Ex-assessor do ex-prefeito de Jaguarari usa processo legal de cessão de servidores para atacar presidente da Câmara


Servidores da Câmara de Jaguarari podem ser prejudicados por matéria sensacionalista publicada em site do ex-assessor de comunicação da prefeitura na gestão passada. De acordo com a “matéria”, o presidente da Casa, o vereador Márcio Gomes, estaria agindo na contramão da Lei ao ceder 20 funcionários à prefeitura municipal através do Convênio 01/2018. Sem buscar a veracidade dos fatos, nem ao menos ouvir os funcionários e o acusado, o ex-assessor usou o espaço de seu meio de comunicação para desferir ataques e acusações ao vereador Márcio, supostamente em nome de funcionários. Além de usar a situação com o objetivo de jogar a opinião pública contra o presidente, o ex-assessor do ex-prefeito, na sua total falta de conhecimento e ética jornalística, poderá ligar o sinal vermelho do Ministério Público, já que é de conhecimento de todos que há na Câmara excesso de funcionários fruto de atos políticos e falta de planejamento oriundos de concursos de gestões passadas, sem contar que, a população pagar 35 funcionários que passam a maior parte do tempo ociosos, é desperdício de dinheiro público.

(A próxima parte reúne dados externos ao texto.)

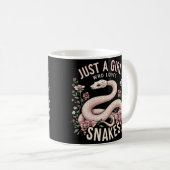 Nur ein Mädchen, das Schlangen Liebe Kaffeetasse (VorderseiteRechts)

Para tornar legal a cessão de servidores, em 2017 o então prefeito Everton Rocha e o presidente da Câmara, Márcio Gomes, assinaram o Termo de Cessão amparados na Lei Nº 952/2017 de 18 de janeiro do mesmo ano e manteve-se a parceria que durou até outubro. Sem esta cessão, a Câmara de Jaguarari ficaria em situação financeira complicada, comprometendo o seu funcionamento. Sem o interesse de prejudicar os servidores com um possível processo administrativo para apurar nomeações desnecessárias, o Presidente tem buscado ajuda junto ao executivo, até mesmo para um melhor aproveitamento da mão-de-obra excedente, como é o caso da cessão de servidores ao judiciário, associação comercial, CDL de Pilar, Escolinha de Atletismo Flamengo (2017), ONG e o Colégio Walter Brandão.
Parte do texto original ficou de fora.